* [MATERIAL PROVIDED]
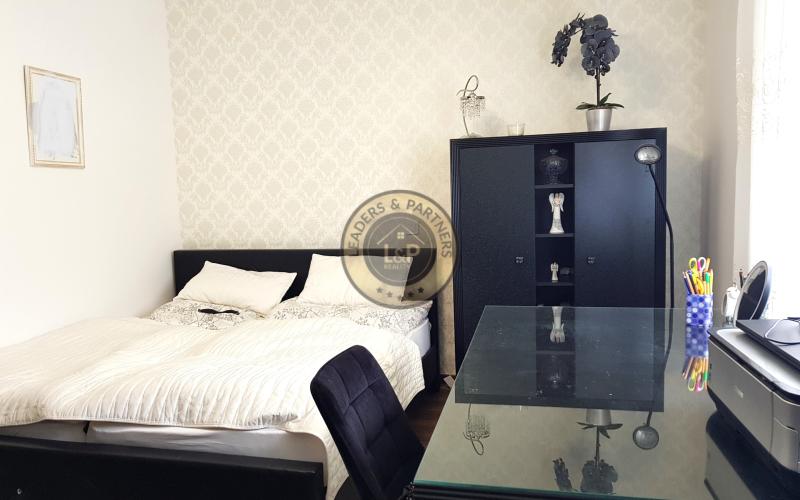 PREDAJ 4 izbový byt v rodinnom dome Mosonmagyaróvár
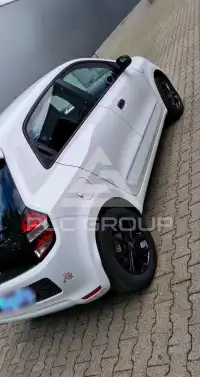 2017 Renault Twingo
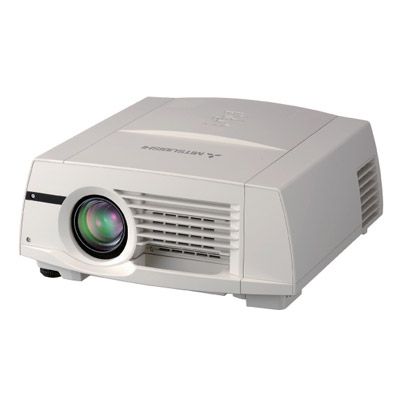 проектор Mitsubishi XL6500U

* [WHAT THE EXERCISE ASKS] Beginning with the line that contains "2017 Renault Twingo" and ending with the last line of the data, transcribe each line exactly; pictures stay out.

* [SOLUTION FOR THIS PROBLEM]
 2017 Renault Twingo
 проектор Mitsubishi XL6500U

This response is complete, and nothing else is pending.